• Data provided
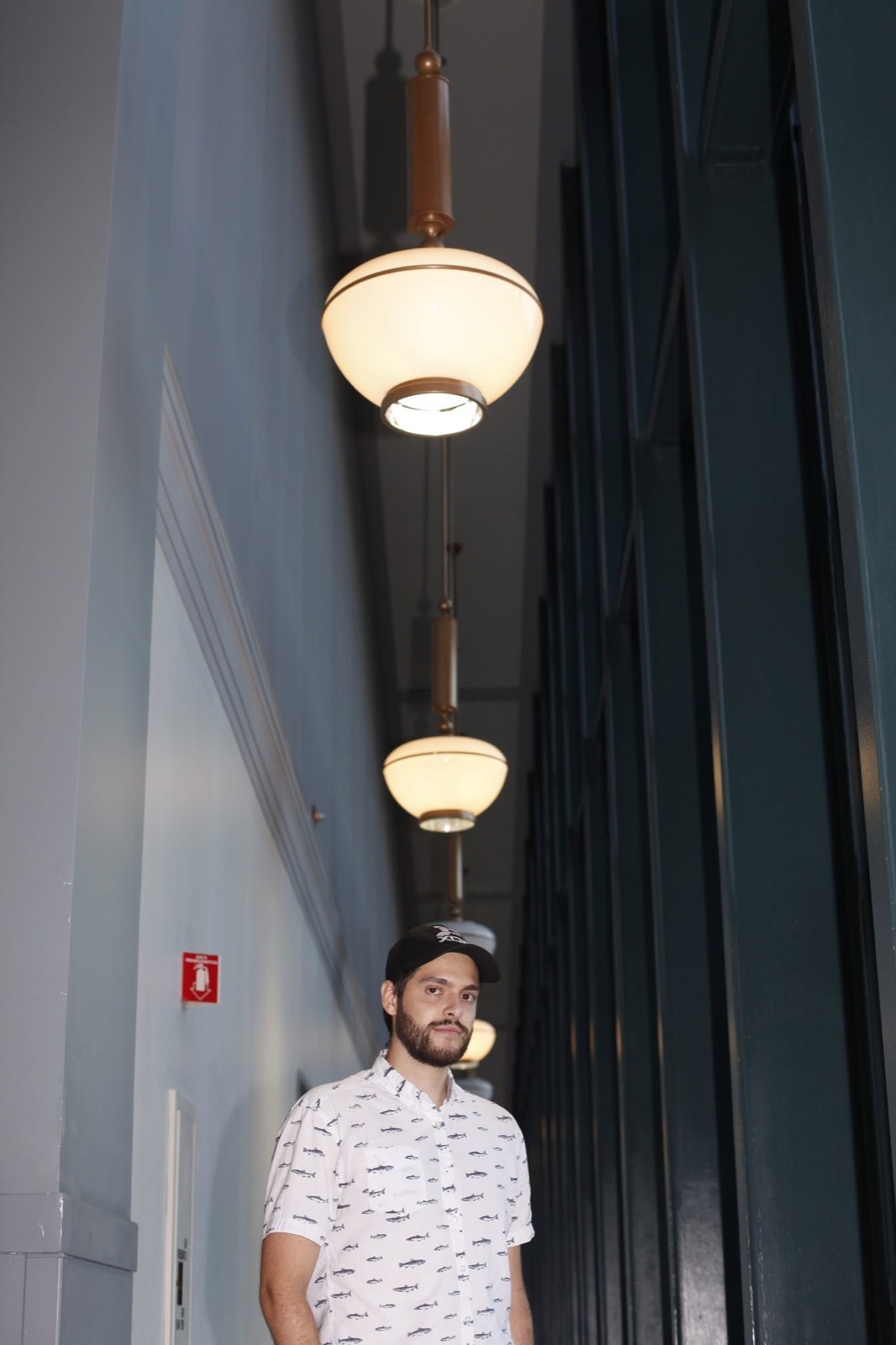 A man standing in a tall hallway under a row of hanging globe lamps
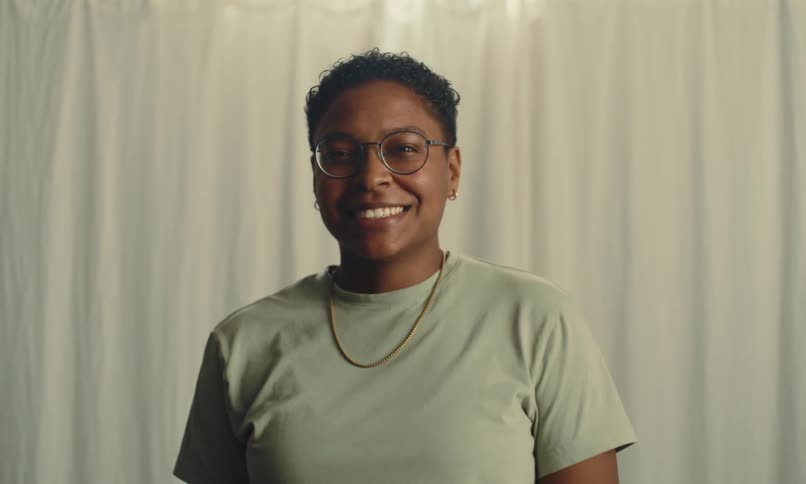 A woman gives a big smile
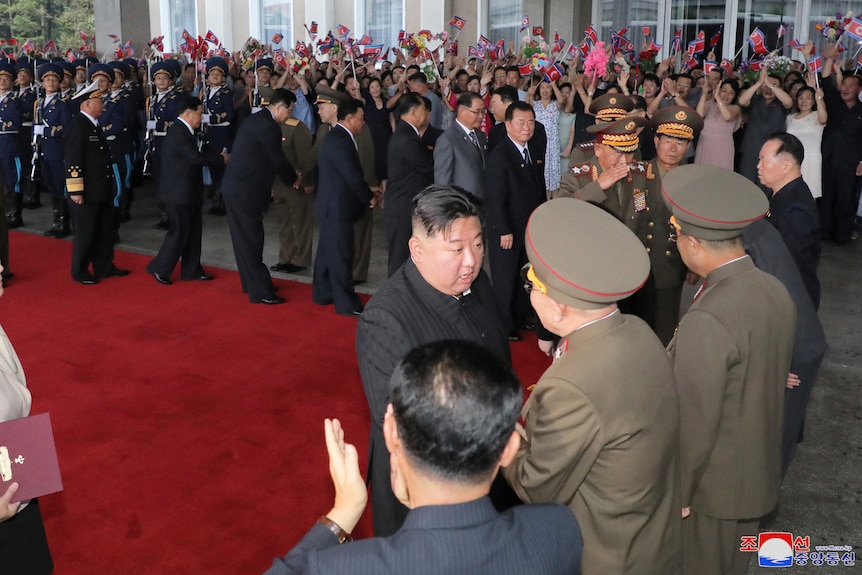 Kim Jong Un y funcionarios se dan la mano en la alfombra roja. 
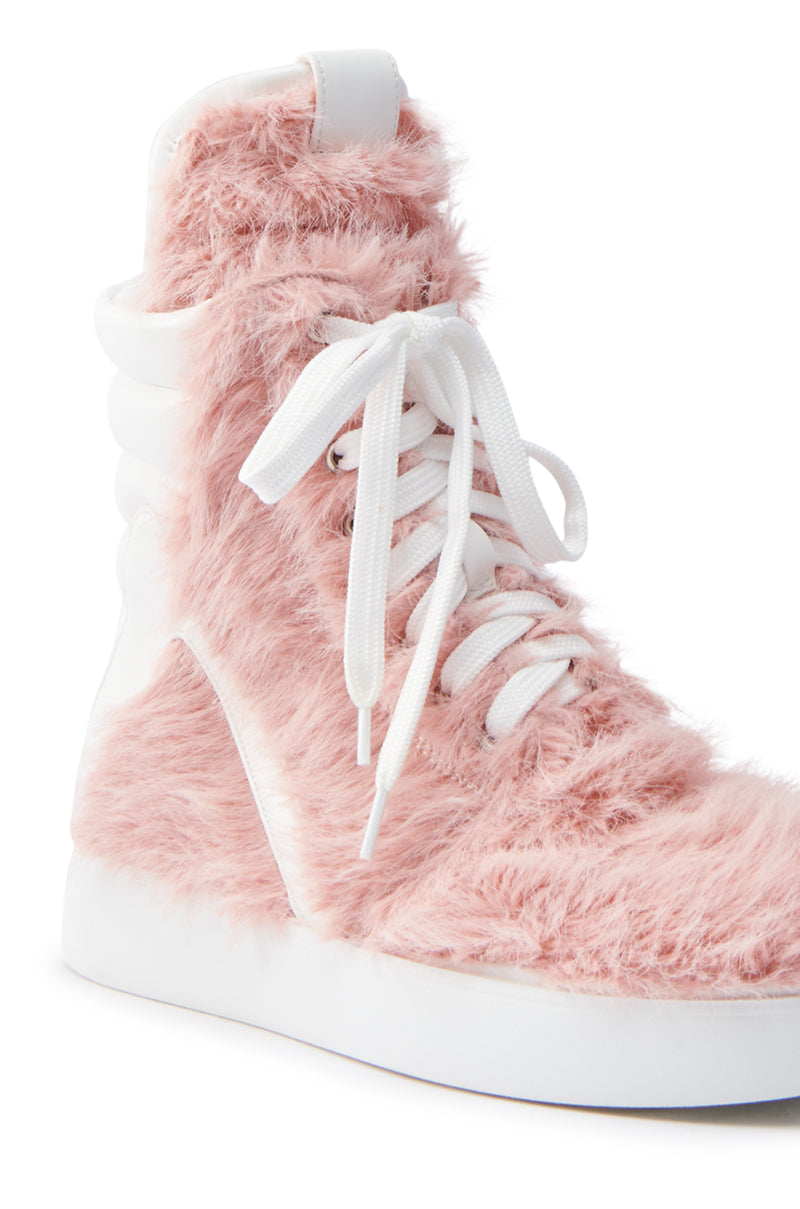 The AZALEA WANG RIORDAN PINK FUR HIGHTOP SNEAKER is elegantly adorned with pink faux fur, white laces, and a sleek white sole. Its unique texture adds a fashionable and playful vibe, making it a standout in any collection.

• Your goal
Write the material out again word for word and omit any images.

• Answer to this problem
 A man standing in a tall hallway under a row of hanging globe lamps
 A woman gives a big smile
 Kim Jong Un y funcionarios se dan la mano en la alfombra roja. 
 The AZALEA WANG RIORDAN PINK FUR HIGHTOP SNEAKER is elegantly adorned with pink faux fur, white laces, and a sleek white sole. Its unique texture adds a fashionable and playful vibe, making it a standout in any collection.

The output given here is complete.